The harsh and rugged Sand Hills of Nebraska in 1875 wasn’t the environment most young ladies brought up in a Victorian home in Illinois aspired to. But when Elizabeth Schultz receives a marriage proposal from Charles Horn, a bootmaker twenty years her senior, she readily accepts. A year later, she’s walking behind a covered wagon along the Oregon Trail as she makes her way to Nebraska to meet her fiancé and start a new life filled with, what she hopes will be, adventure and an opportunity to be her own person.
Elizabeth soon discovers, however, that life on the trail and in a sod house on the prairie is far more difficult than she imagined. Can she cope with the extreme weather, isolation, food insecurity, health challenges, and her husband’s dark side? Will her physical and emotional strength be enough to sustain her or will she give up and return to the comfortable life to which she’s accustomed?
Not only does Mershon Niesner give the reader the opportunity to spend fourteen months in the boots of a woman who has barely left girlhood behind, she immerses them in a startling vivid world where the heroine discovers the importance of caring about the environment, those who came before her, and friendship in a time and place where rugged individualism is revered.
The Bootmaker’s Wife is historical fiction based on the life of the author’s great grandparents.
The cover image was taken by the author in the Sand Hills of Nebraska in the vicinity where the Horn’s sod house once stood.
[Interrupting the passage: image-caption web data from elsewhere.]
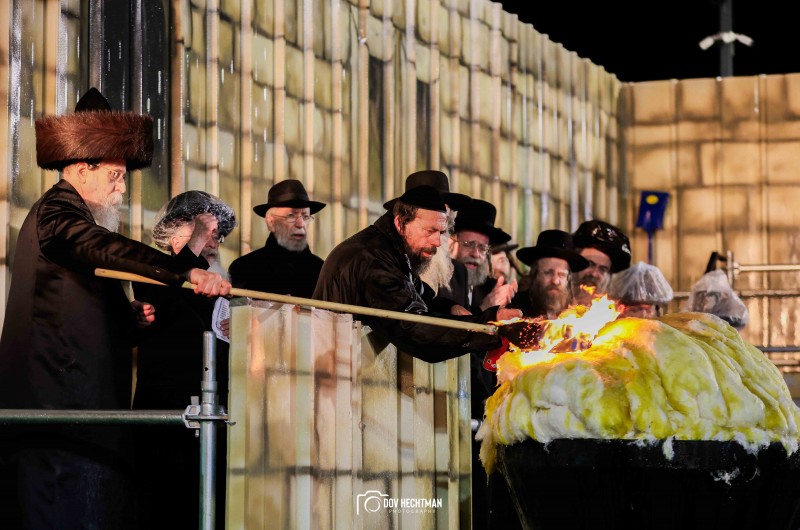 הדלקה, אווירה וריקודים: דוב בער הכטמן בגלריה ממירון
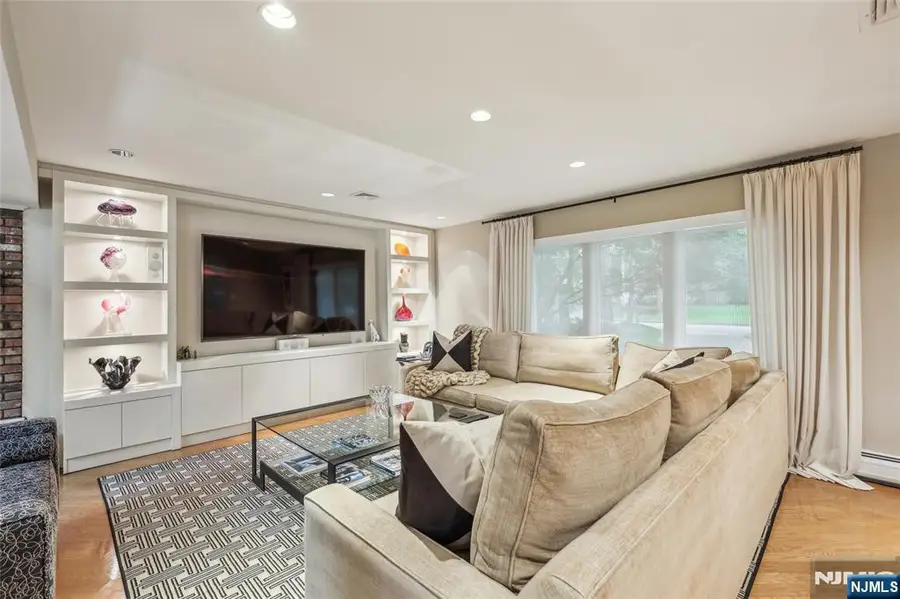 100 Dyer Court, Norwood, NJ 07648 - #3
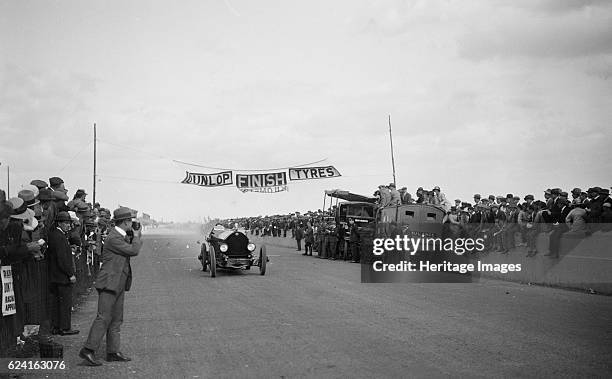 Isotta-Fraschini of EA Eldridge at the finishing line, Southsea Speed Carnival, Hampshire, 1922. Artist: Bill Brunell.Isotta-Fraschini 8036 cc....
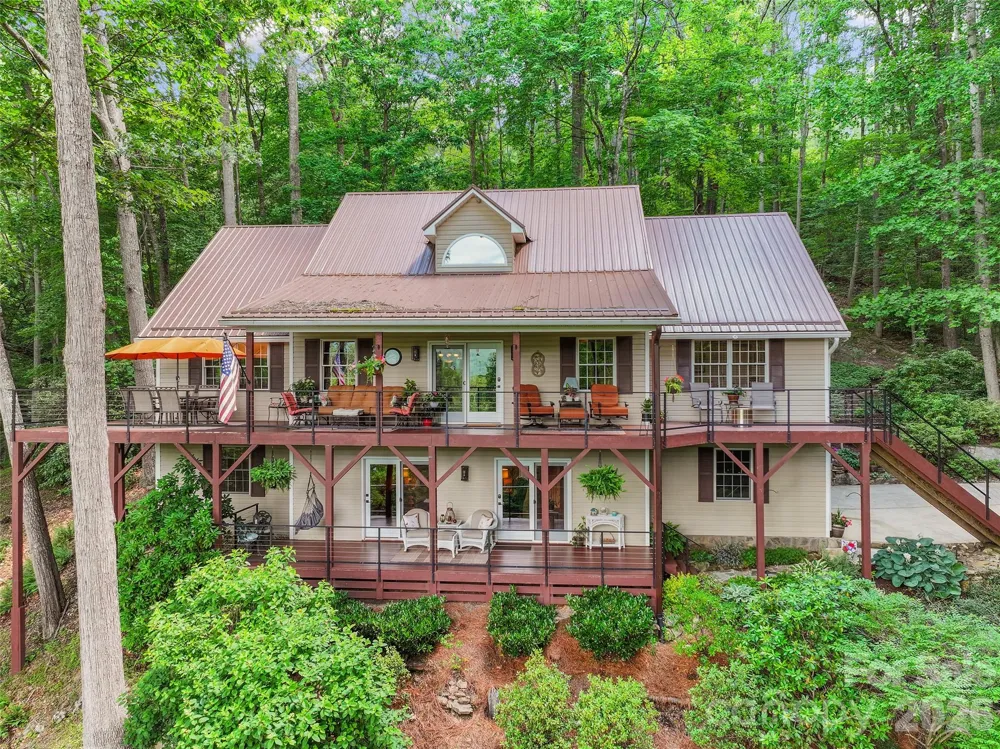 233 Rocky Face Drive Canton, NC 28716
This is an amazing ‘I don’t want to put it down book’ of life. The author writes with such vivid descriptions of things seen, felt, heard and imagined. I could feel myself there in that sod house and was moved by the incredible strength on every level of the Horns as they journeyed through their life. The loyalty of friendship through good and bad times reminded me of my upbringing in my family of many aunts, uncles, 26 first cousins and a close knit church and small town family. Ms. Niesner is a gifted writer with words that easily envision the picture. I look forward to the next book about Angie. Thank you, Pat Petrouski Kasprzak
Interesting story about life the late 1800s, based on the author's ancestors. A very young teen in Illinois travels with a wagon train to Nebraska to marry her fiance, who is 20 years her senior. She faces the many challenges of living in a sod house, and in the prairie, which are well described.